If your iPod shows the "Use iTunes to restore" screen, SharePod can sometimes recover the database. Use the "Rebuild Database" tool under the Advanced menu. This saves you from losing all your manually transferred music.
While the golden age of the iPod is long gone, millions of these devices remain in drawers, glove compartments, and garage sales. SharePod 3.9.9 acts as a digital crowbar, prying your music free from Apple’s ecosystem without cost or complexity.
If you successfully recover a lost playlist using this guide, consider paying it forward: share a clean copy of the sharepod-3.9.9.exe file via a trusted cloud link (with a warning to scan it), or donate to open-source alternatives like Rockbox to keep the spirit of free iPod management alive.
Have a tip for using SharePod on a rare iPod model? Let us know in the comments below.
Title: The Last Sync
For SharePod version 3.9.9
The silver iPod Classic had been sitting in the glove compartment for seven years. Its battery was long dead, its screen a ghostly void. Elena didn’t even remember what was on it anymore. 90s alternative? A forgotten podcast phase? The playlist her ex made her?
She plugged it into her work PC—a locked-down corporate machine that refused to install iTunes. "No Apple Software," the error read. "Contact Admin."
But Elena remembered a name from the old forums: SharePod 3.9.9.
She found the tiny .exe on an archived backup drive. No installer, no registry keys. Just a blue-and-white icon that looked like a bridge between two eras. She double-clicked.
The app launched in under a second. No spinning beach ball. No "Welcome" wizard. Just a stark, functional window with a single progress bar. sharepod 3.9.9
Reading iPod Database…
Then, a miracle.
The songs appeared. 2,341 tracks. Each one a timestamp.
She saw "The Postal Service – Such Great Heights" – dated the night of her college graduation. "Death Cab – I Will Follow You into the Dark" – the week her dog died. A mislabeled track: "Track 03 – Unknown Artist" – which she immediately recognized as a demo she recorded in her dorm room.
SharePod didn’t judge her. It didn’t try to sell her Apple Music. It didn't wipe the iPod. It just showed her the files.
Right-click. "Copy to PC."
A small dialog box popped up, the kind of no-nonsense UI last seen in Windows XP. "Preserve folder structure? [Yes/No]"

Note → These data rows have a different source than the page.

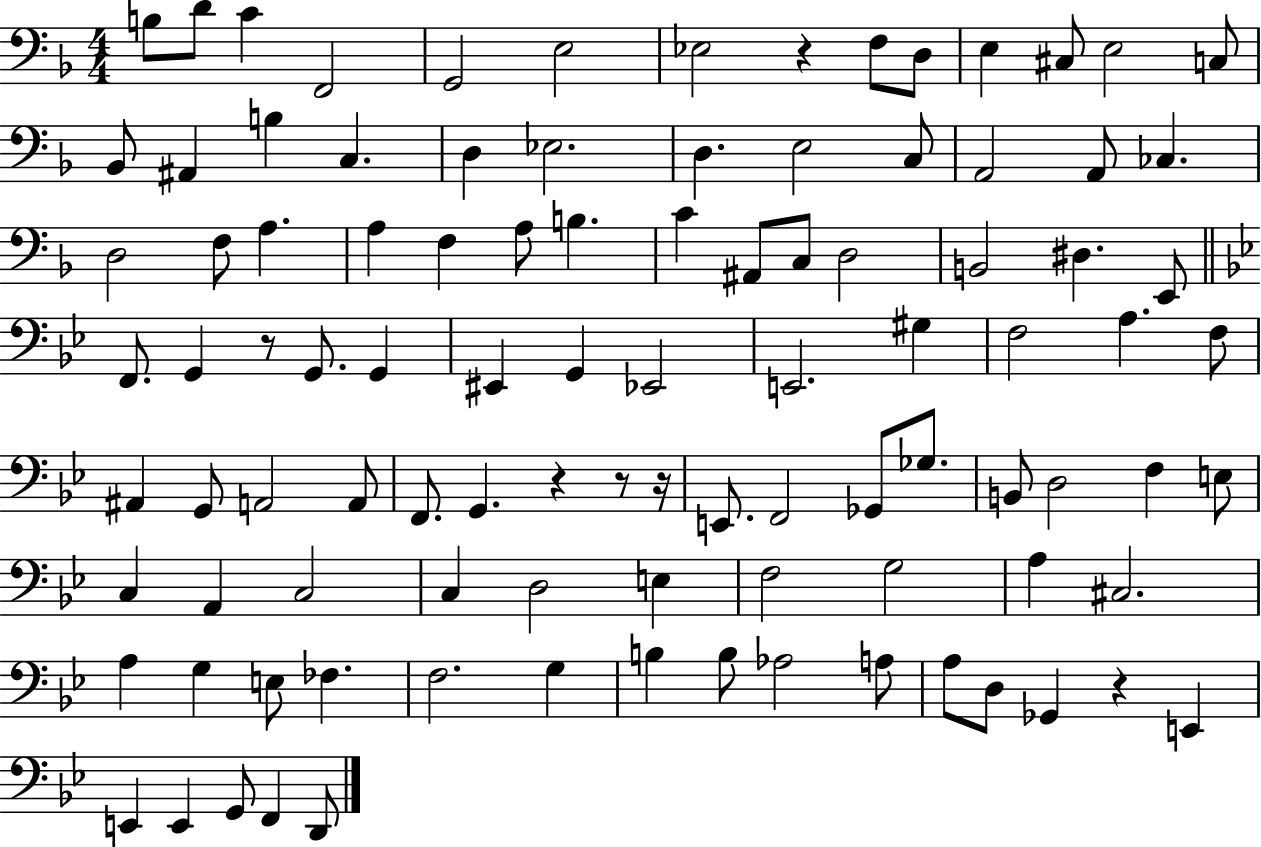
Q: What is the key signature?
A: F major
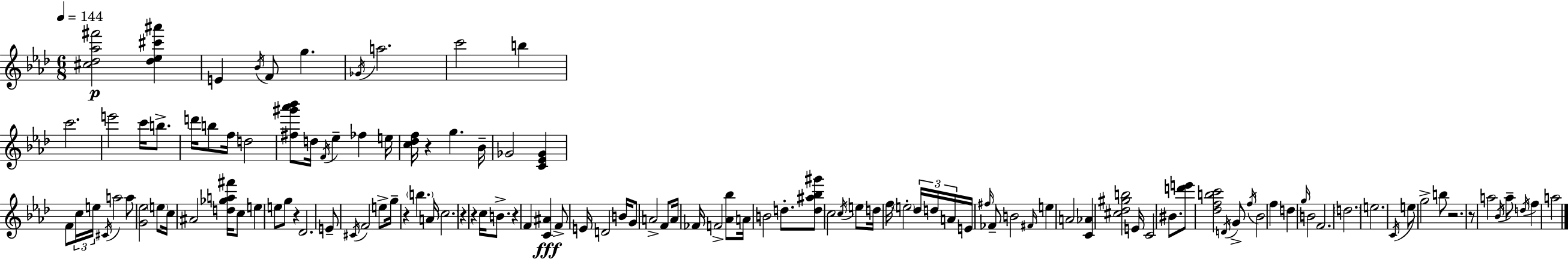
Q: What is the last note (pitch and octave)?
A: A5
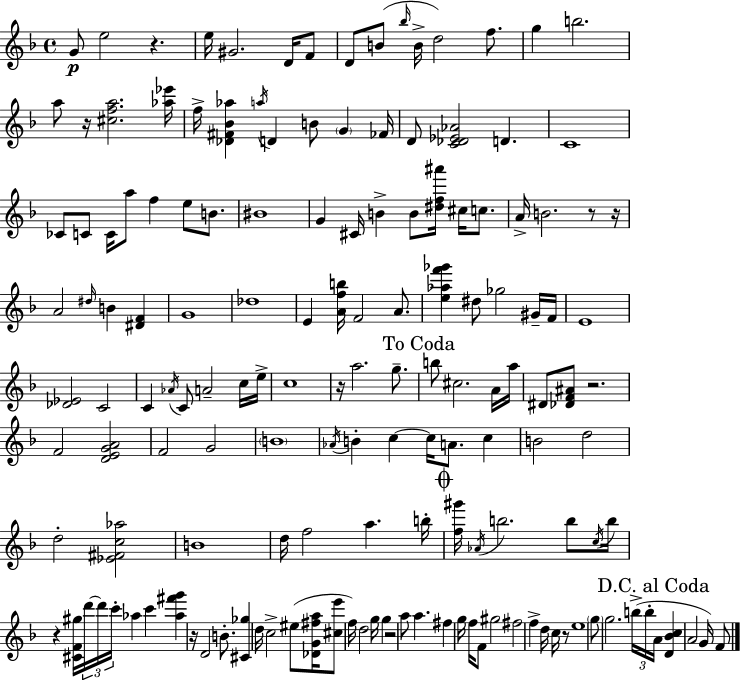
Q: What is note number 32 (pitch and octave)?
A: BIS4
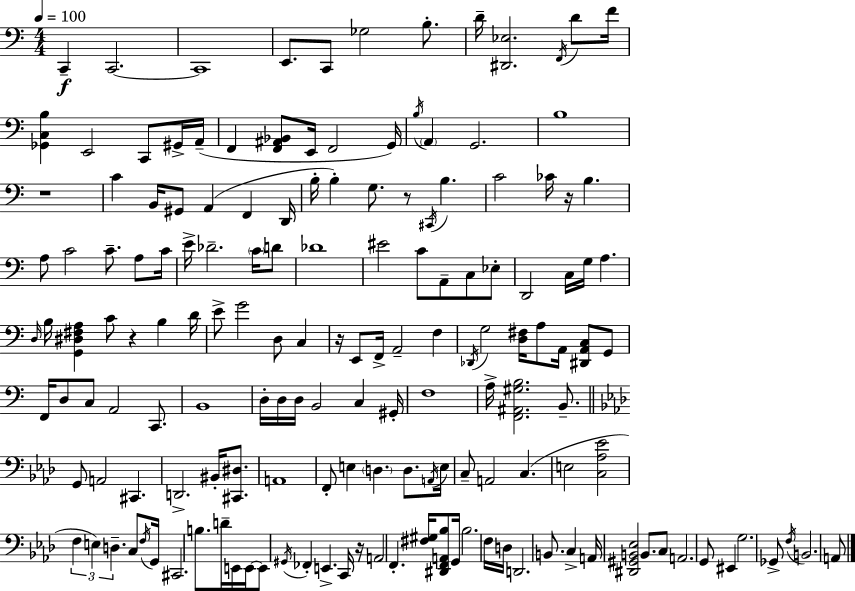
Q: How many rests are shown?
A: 6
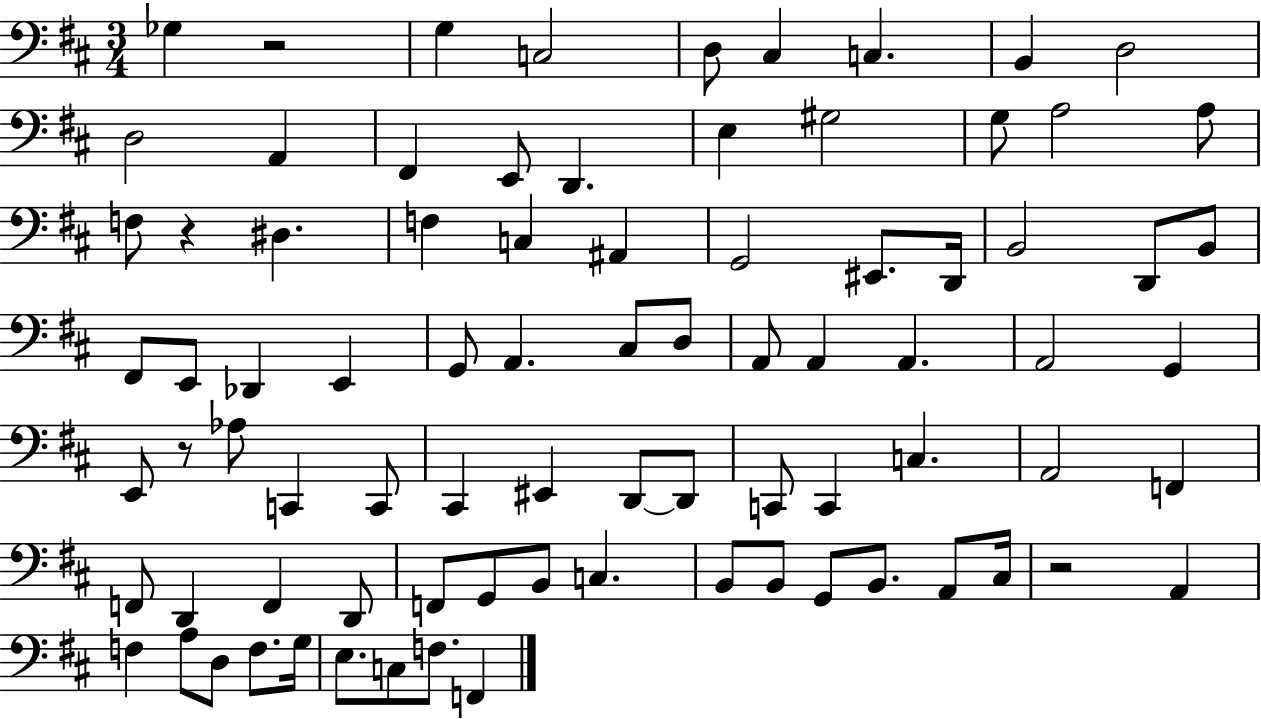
X:1
T:Untitled
M:3/4
L:1/4
K:D
_G, z2 G, C,2 D,/2 ^C, C, B,, D,2 D,2 A,, ^F,, E,,/2 D,, E, ^G,2 G,/2 A,2 A,/2 F,/2 z ^D, F, C, ^A,, G,,2 ^E,,/2 D,,/4 B,,2 D,,/2 B,,/2 ^F,,/2 E,,/2 _D,, E,, G,,/2 A,, ^C,/2 D,/2 A,,/2 A,, A,, A,,2 G,, E,,/2 z/2 _A,/2 C,, C,,/2 ^C,, ^E,, D,,/2 D,,/2 C,,/2 C,, C, A,,2 F,, F,,/2 D,, F,, D,,/2 F,,/2 G,,/2 B,,/2 C, B,,/2 B,,/2 G,,/2 B,,/2 A,,/2 ^C,/4 z2 A,, F, A,/2 D,/2 F,/2 G,/4 E,/2 C,/2 F,/2 F,,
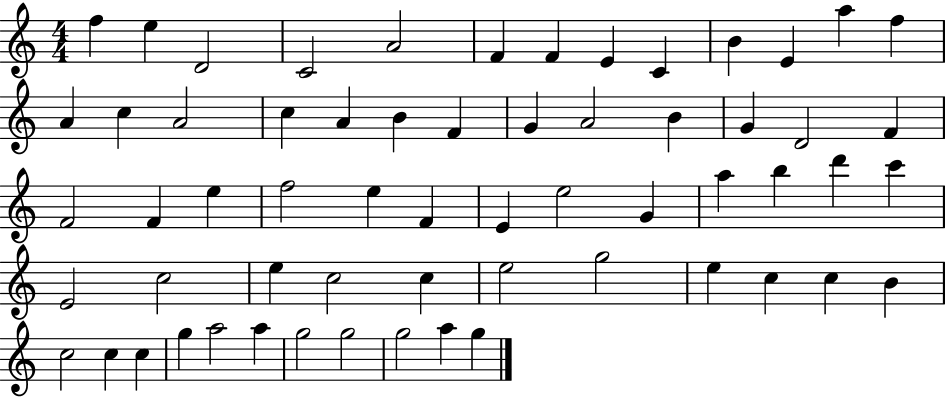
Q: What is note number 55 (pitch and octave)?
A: A5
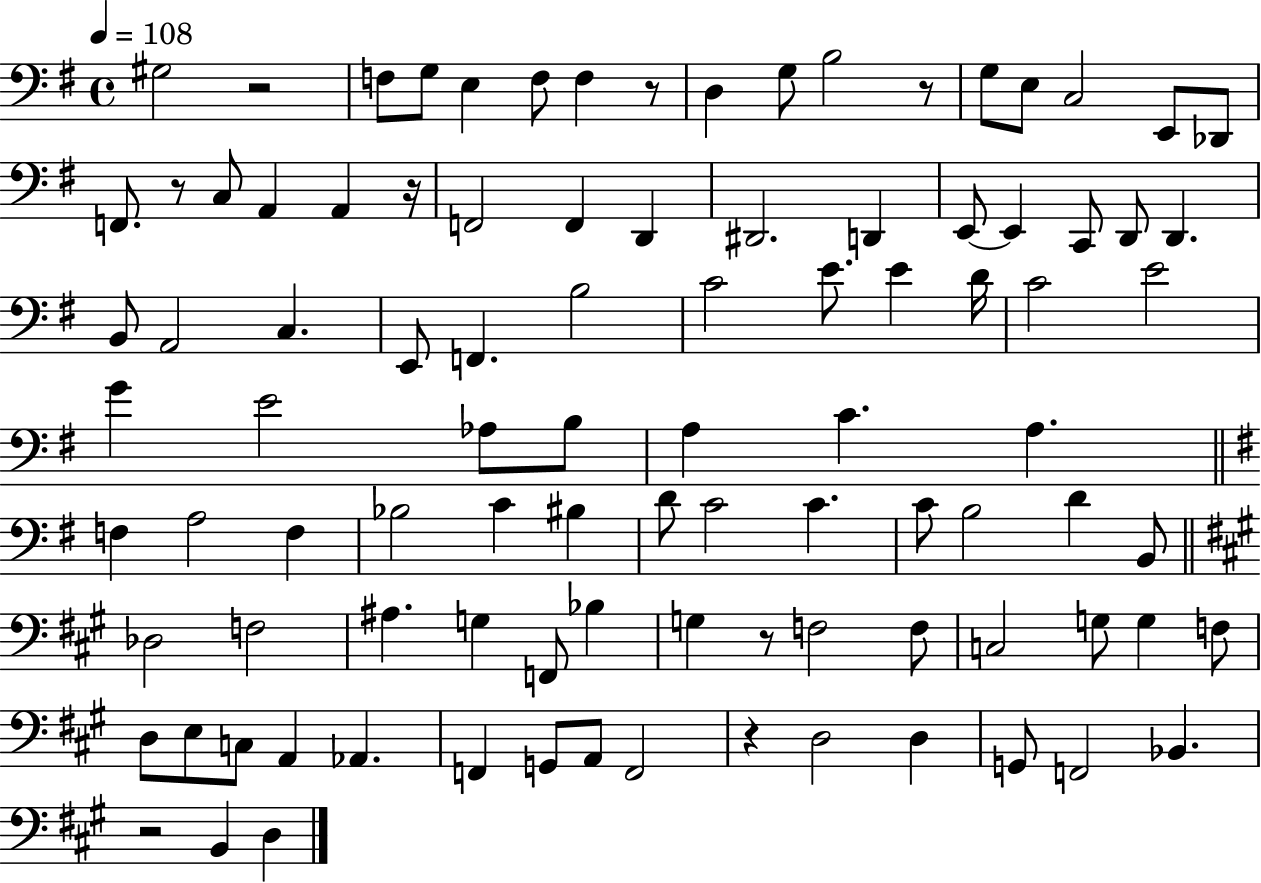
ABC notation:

X:1
T:Untitled
M:4/4
L:1/4
K:G
^G,2 z2 F,/2 G,/2 E, F,/2 F, z/2 D, G,/2 B,2 z/2 G,/2 E,/2 C,2 E,,/2 _D,,/2 F,,/2 z/2 C,/2 A,, A,, z/4 F,,2 F,, D,, ^D,,2 D,, E,,/2 E,, C,,/2 D,,/2 D,, B,,/2 A,,2 C, E,,/2 F,, B,2 C2 E/2 E D/4 C2 E2 G E2 _A,/2 B,/2 A, C A, F, A,2 F, _B,2 C ^B, D/2 C2 C C/2 B,2 D B,,/2 _D,2 F,2 ^A, G, F,,/2 _B, G, z/2 F,2 F,/2 C,2 G,/2 G, F,/2 D,/2 E,/2 C,/2 A,, _A,, F,, G,,/2 A,,/2 F,,2 z D,2 D, G,,/2 F,,2 _B,, z2 B,, D,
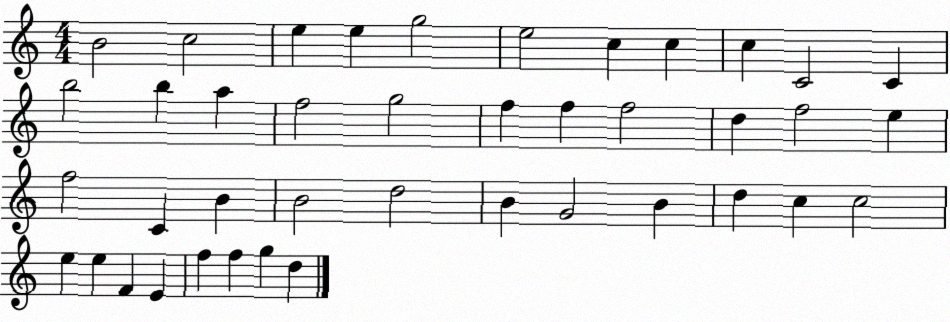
X:1
T:Untitled
M:4/4
L:1/4
K:C
B2 c2 e e g2 e2 c c c C2 C b2 b a f2 g2 f f f2 d f2 e f2 C B B2 d2 B G2 B d c c2 e e F E f f g d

She clicked Yes. The little green progress bar started marching forward. On the bottom left of the SharePod window, a quiet statistic updated:
Copied: 0 / 2341
Beside it, a tiny counter for iPod battery life: 13% remaining. If your iPod shows the "Use iTunes to
Elena watched the percentage drop. 11%. 9%. She held her breath, watching the green bar crawl. This was a race against time—the old lithium cell swelling inside the iPod, its last breath fading.
6%. 5%.
Fourteen years of memories, compressed into MP3s at 128kbps, were slipping through a USB 2.0 cable at the speed of nostalgia.
Copied: 1890 / 2341
3%. 2%.
And then, track 2341 landed on her desktop. The last file: "Closing Time – Semisonic."
The iPod screen flickered once, showed the sad iPod face icon (battery with an exclamation mark), and died forever.
SharePod 3.9.9 displayed a single, perfect sentence:
"Transfer complete. iPod disconnected safely."
Elena closed the app. No pop-ups. No "rate this software." It just… ended. Like a good road trip. Title: The Last Sync For SharePod version 3
She renamed the folder on her desktop: A Lifetime Ago.
Then she put the dead iPod back in the glove compartment. It had done its job. And so had a 1.2MB piece of software, last updated when flip phones were cool, that asked for nothing but gave everything.
The End.
Note: SharePod 3.9.9 is a real, discontinued tool. This story is a work of fiction, but the feeling is true for anyone who ever rescued music from a dying iPod.
We’ve all been there. You plug in your iPod, iTunes freezes, then says: “The iPod music database is corrupted. Restore?”
SharePod 3.9.9 laughs at that message. It reads the raw database and lets you export every track before you’re forced to wipe the device.
If your computer died but your iPod holds your only music library, SharePod is the defacto standard for reversing the sync. You can transfer everything back to a new PC without third-party bloatware.
For the uninitiated: SharePod is a lightweight (under 1MB) Windows tool that lets you treat your iPod like a standard USB drive. You can:
Version 3.9.9 was the last freeware version before the developer moved to a paid model (SharePod 4.0+). This specific build is now abandonware—unsupported, but fully functional.
Yes—with caveats. The official website (sharepod.com) now redirects to a generic software banner site. Do not download from random "crack" websites.
Safe sources:
Check the digital signature: Right-click SharePod.exe > Properties > Digital Signatures. A legitimate copy should show "SharePod Development Team" or be unsigned but confirmed via hash comparison (MD5: often c3f3a9e... – search the specific hash).